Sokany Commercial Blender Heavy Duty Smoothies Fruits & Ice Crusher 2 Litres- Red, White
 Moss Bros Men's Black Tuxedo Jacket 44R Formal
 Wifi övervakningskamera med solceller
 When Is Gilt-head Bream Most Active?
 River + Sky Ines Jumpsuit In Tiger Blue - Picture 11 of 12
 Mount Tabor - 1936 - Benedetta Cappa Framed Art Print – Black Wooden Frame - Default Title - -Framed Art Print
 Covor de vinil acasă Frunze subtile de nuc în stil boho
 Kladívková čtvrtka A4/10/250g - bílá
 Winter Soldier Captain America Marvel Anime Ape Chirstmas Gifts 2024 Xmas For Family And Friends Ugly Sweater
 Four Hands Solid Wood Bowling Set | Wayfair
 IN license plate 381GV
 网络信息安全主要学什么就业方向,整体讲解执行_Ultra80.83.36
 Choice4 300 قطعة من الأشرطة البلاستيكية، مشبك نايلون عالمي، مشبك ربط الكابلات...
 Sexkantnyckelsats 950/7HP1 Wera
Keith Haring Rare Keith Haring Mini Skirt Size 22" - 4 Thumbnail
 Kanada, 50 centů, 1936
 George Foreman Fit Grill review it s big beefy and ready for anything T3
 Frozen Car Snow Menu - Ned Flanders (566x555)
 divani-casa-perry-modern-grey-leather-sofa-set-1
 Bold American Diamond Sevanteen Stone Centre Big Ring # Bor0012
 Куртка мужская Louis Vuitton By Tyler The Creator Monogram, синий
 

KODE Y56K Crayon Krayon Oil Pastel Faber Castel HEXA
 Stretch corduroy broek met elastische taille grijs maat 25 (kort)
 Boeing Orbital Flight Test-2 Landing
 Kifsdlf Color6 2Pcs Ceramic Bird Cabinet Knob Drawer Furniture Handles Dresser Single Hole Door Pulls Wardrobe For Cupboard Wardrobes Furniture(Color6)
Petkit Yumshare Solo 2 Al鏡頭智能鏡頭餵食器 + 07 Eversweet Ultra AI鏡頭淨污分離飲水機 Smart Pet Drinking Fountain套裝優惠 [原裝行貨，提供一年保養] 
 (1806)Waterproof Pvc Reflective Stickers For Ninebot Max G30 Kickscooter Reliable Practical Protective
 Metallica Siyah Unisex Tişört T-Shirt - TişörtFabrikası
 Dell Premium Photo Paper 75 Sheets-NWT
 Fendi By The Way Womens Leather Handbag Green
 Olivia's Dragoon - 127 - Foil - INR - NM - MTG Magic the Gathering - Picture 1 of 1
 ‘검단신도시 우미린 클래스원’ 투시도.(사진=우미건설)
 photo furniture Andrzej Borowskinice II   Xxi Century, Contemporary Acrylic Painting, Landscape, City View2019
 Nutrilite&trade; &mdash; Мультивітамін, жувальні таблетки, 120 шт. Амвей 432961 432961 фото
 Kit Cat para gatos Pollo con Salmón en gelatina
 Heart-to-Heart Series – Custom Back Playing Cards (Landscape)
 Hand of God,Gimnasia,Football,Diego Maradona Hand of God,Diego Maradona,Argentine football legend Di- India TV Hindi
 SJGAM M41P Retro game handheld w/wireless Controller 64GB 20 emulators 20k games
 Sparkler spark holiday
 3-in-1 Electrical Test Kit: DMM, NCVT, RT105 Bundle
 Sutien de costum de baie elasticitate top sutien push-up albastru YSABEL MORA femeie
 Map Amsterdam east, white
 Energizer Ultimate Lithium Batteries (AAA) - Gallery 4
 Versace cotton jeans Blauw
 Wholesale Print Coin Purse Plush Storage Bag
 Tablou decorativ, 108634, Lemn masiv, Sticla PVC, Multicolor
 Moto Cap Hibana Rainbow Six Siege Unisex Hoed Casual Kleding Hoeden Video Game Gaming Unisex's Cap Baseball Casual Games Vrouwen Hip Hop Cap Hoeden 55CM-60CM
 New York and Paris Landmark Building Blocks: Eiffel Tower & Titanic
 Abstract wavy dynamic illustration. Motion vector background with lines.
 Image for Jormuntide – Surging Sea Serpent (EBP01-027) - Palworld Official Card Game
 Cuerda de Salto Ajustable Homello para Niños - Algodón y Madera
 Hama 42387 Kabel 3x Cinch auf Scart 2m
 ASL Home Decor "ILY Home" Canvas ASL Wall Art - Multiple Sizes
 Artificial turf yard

________

■ **What to work on**
Beginning with the very first line of the material, please return exactly each line down to and including the one with "Sexkantnyckelsats 950/7HP1 Wera".

■ **Response for this exercise**
Sokany Commercial Blender Heavy Duty Smoothies Fruits & Ice Crusher 2 Litres- Red, White
 Moss Bros Men's Black Tuxedo Jacket 44R Formal
 Wifi övervakningskamera med solceller
 When Is Gilt-head Bream Most Active?
 River + Sky Ines Jumpsuit In Tiger Blue - Picture 11 of 12
 Mount Tabor - 1936 - Benedetta Cappa Framed Art Print – Black Wooden Frame - Default Title - -Framed Art Print
 Covor de vinil acasă Frunze subtile de nuc în stil boho
 Kladívková čtvrtka A4/10/250g - bílá
 Winter Soldier Captain America Marvel Anime Ape Chirstmas Gifts 2024 Xmas For Family And Friends Ugly Sweater
 Four Hands Solid Wood Bowling Set | Wayfair
 IN license plate 381GV
 网络信息安全主要学什么就业方向,整体讲解执行_Ultra80.83.36
 Choice4 300 قطعة من الأشرطة البلاستيكية، مشبك نايلون عالمي، مشبك ربط الكابلات...
 Sexkantnyckelsats 950/7HP1 Wera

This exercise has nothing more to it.